Data supplied START

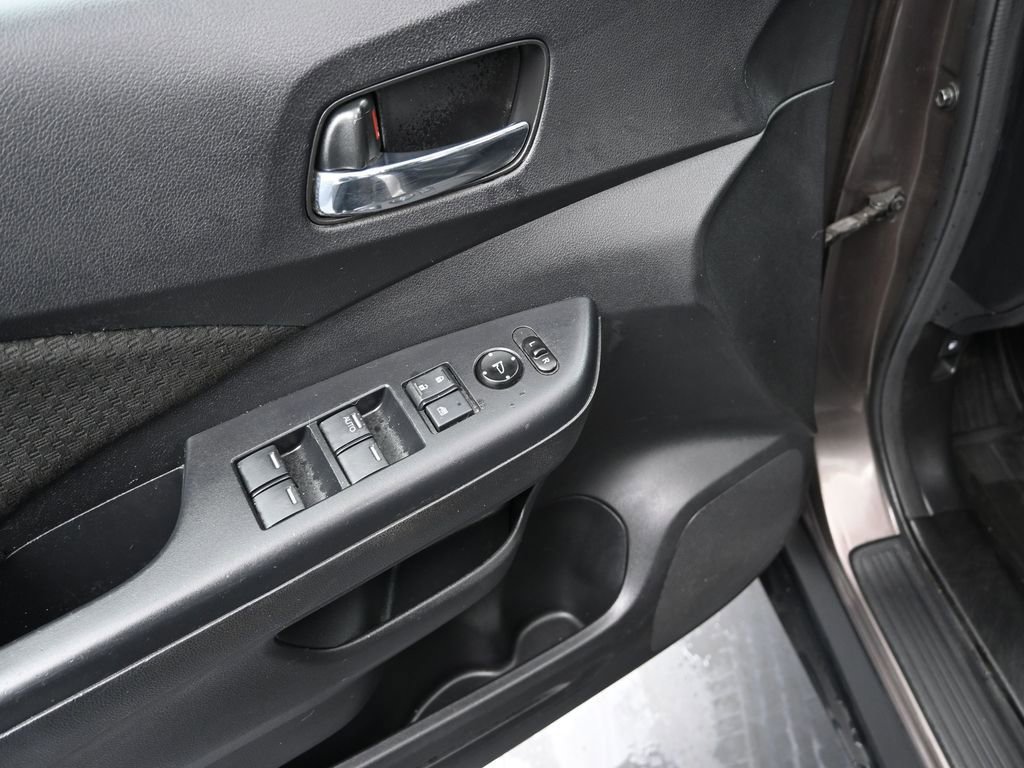 Used 2016 Honda CR-V EX image 18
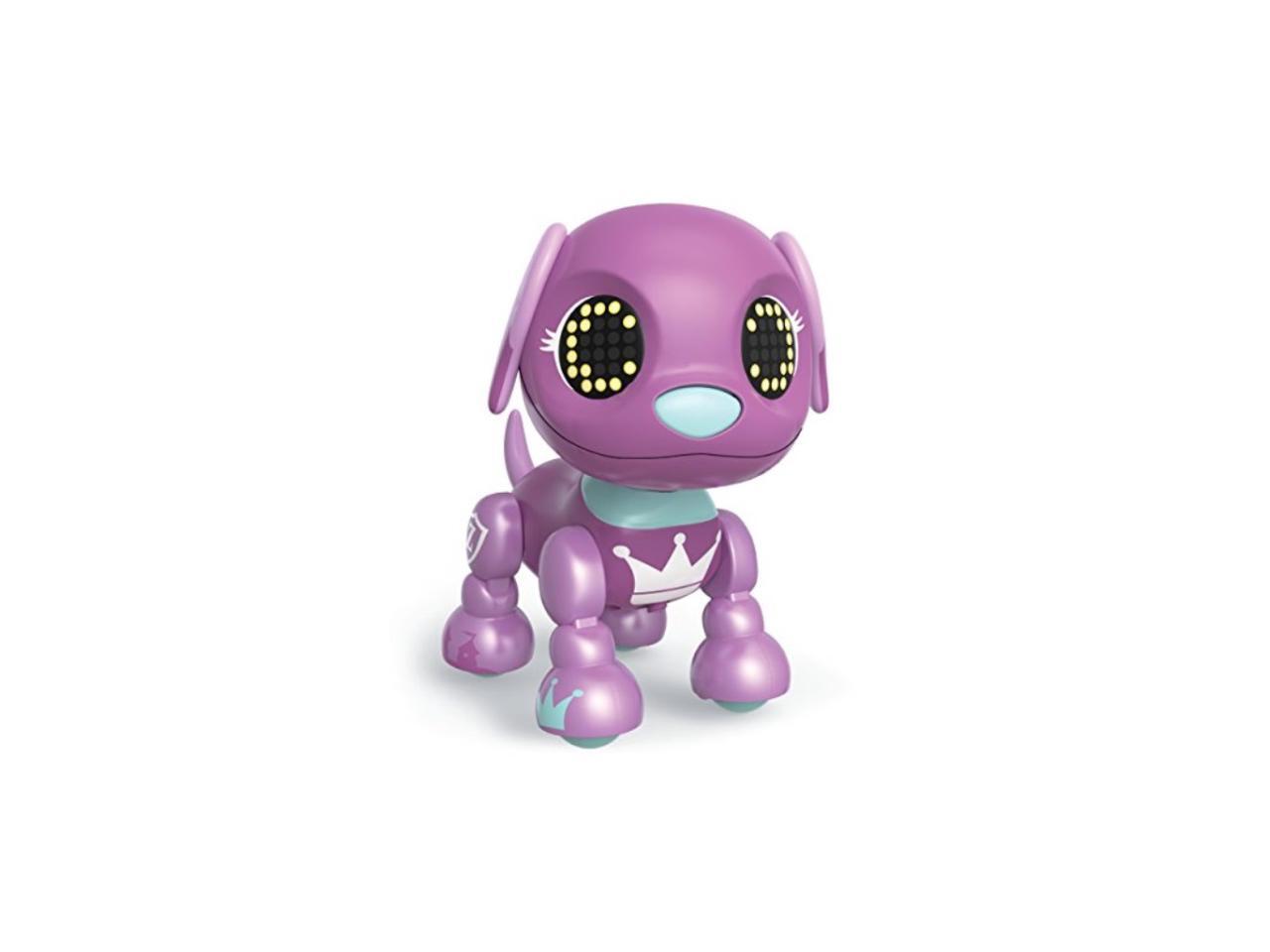 zoomer mighty pups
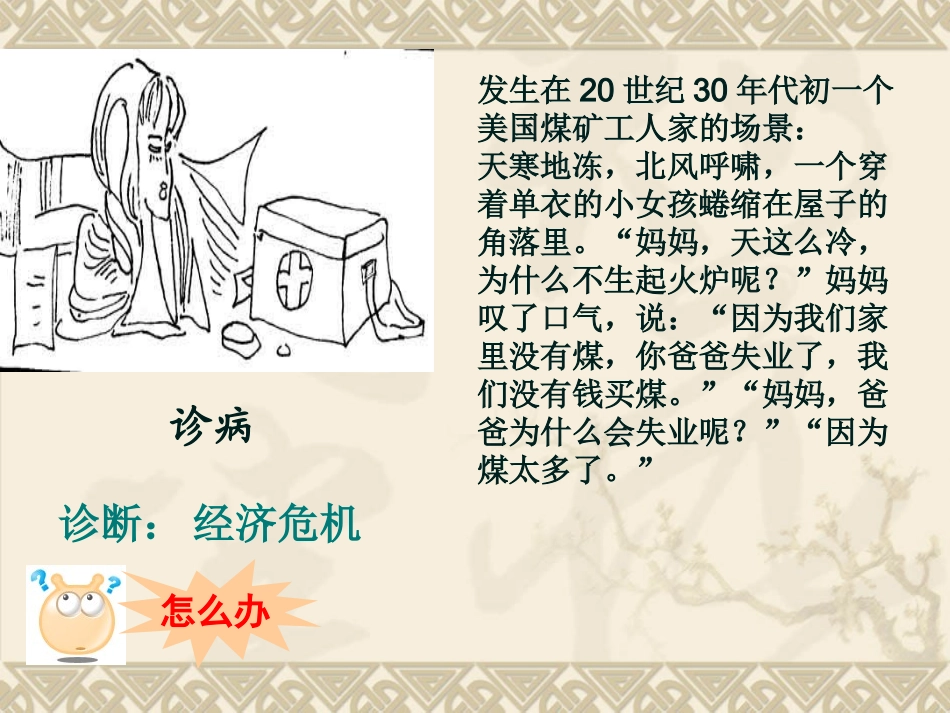 罗斯福新政PPT_第3页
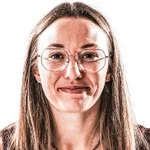 Zdjęcie Alice Recanati
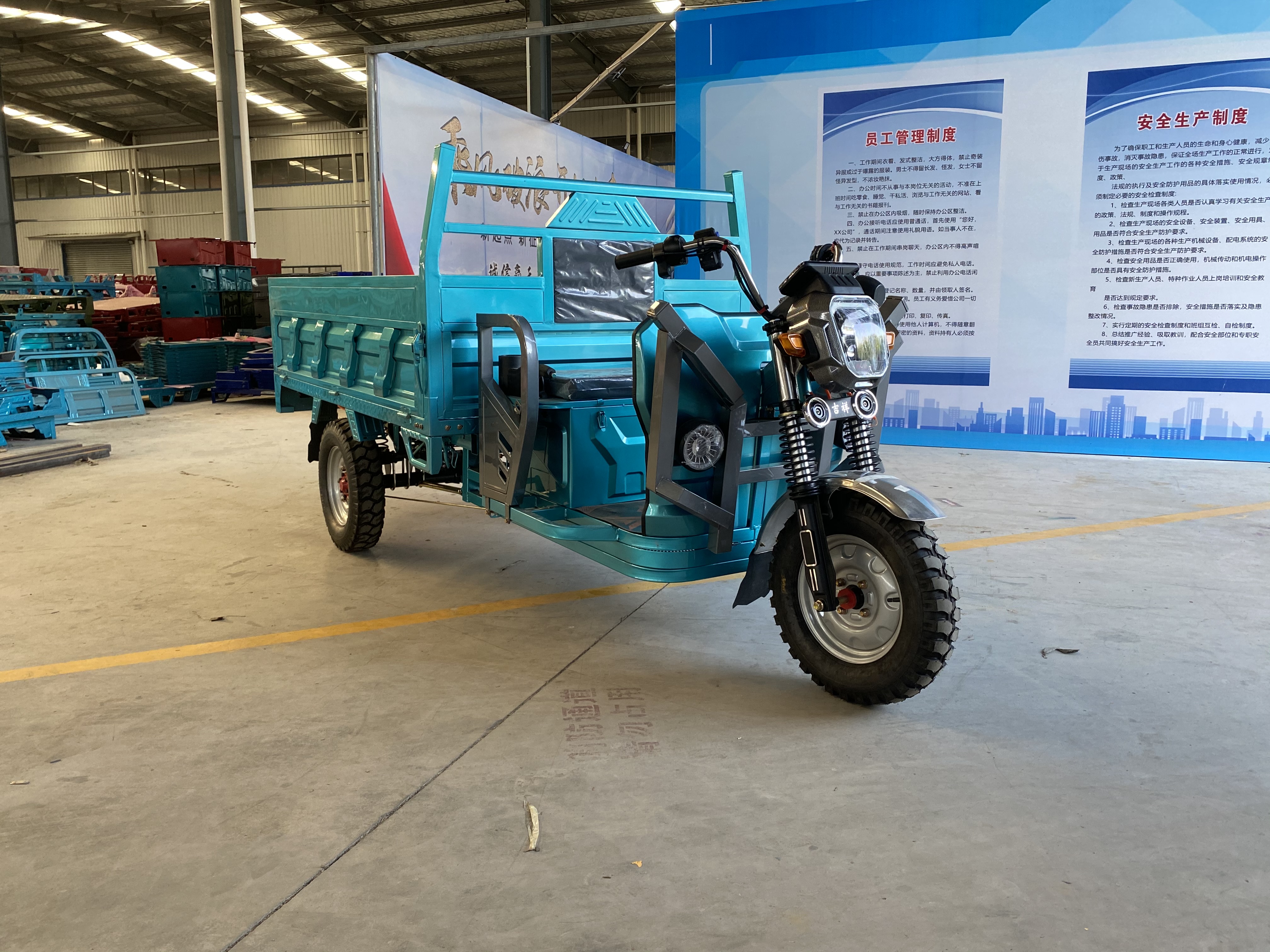 cargo tricycle for sale motorised tricycle made in china for sale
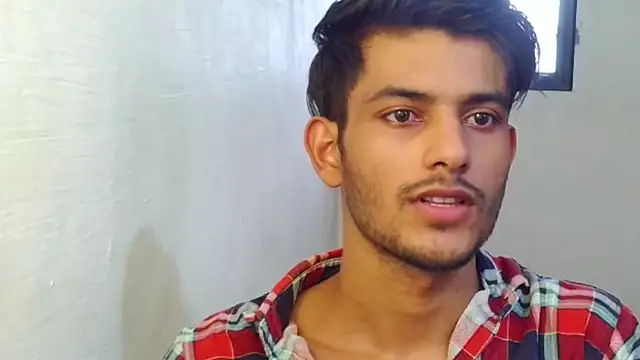 kingkartik7 online show from 10/18/25, 10:16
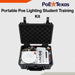 POE Texas Lighting Portable Poe Lighting Student Training Kit - DENT-STUDENT-KIT
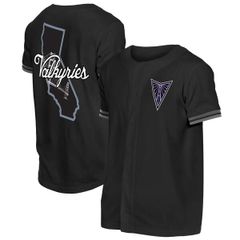 限定即完売 MLBドジャース バーシティジャケット ブルー サナ着用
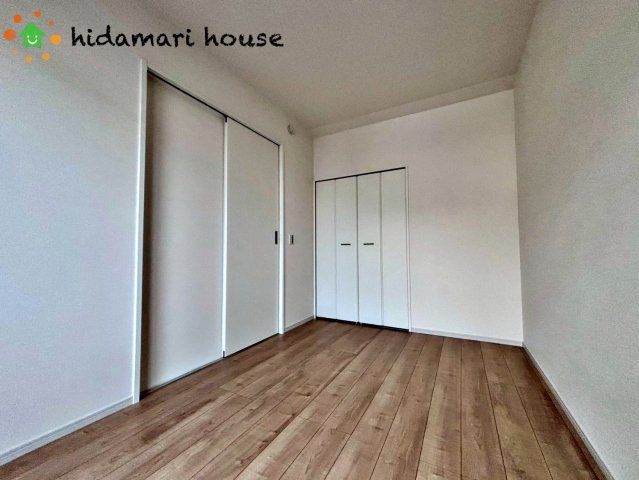 上尾市上10期　新築戸建　グレイス01の内装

Data supplied END

Requirement — All of the material above should be reproduced exactly, except the pictures.

Response —
 Used 2016 Honda CR-V EX image 18
 zoomer mighty pups
 罗斯福新政PPT_第3页
 Zdjęcie Alice Recanati
 cargo tricycle for sale motorised tricycle made in china for sale
 kingkartik7 online show from 10/18/25, 10:16
 POE Texas Lighting Portable Poe Lighting Student Training Kit - DENT-STUDENT-KIT
 限定即完売 MLBドジャース バーシティジャケット ブルー サナ着用
 上尾市上10期　新築戸建　グレイス01の内装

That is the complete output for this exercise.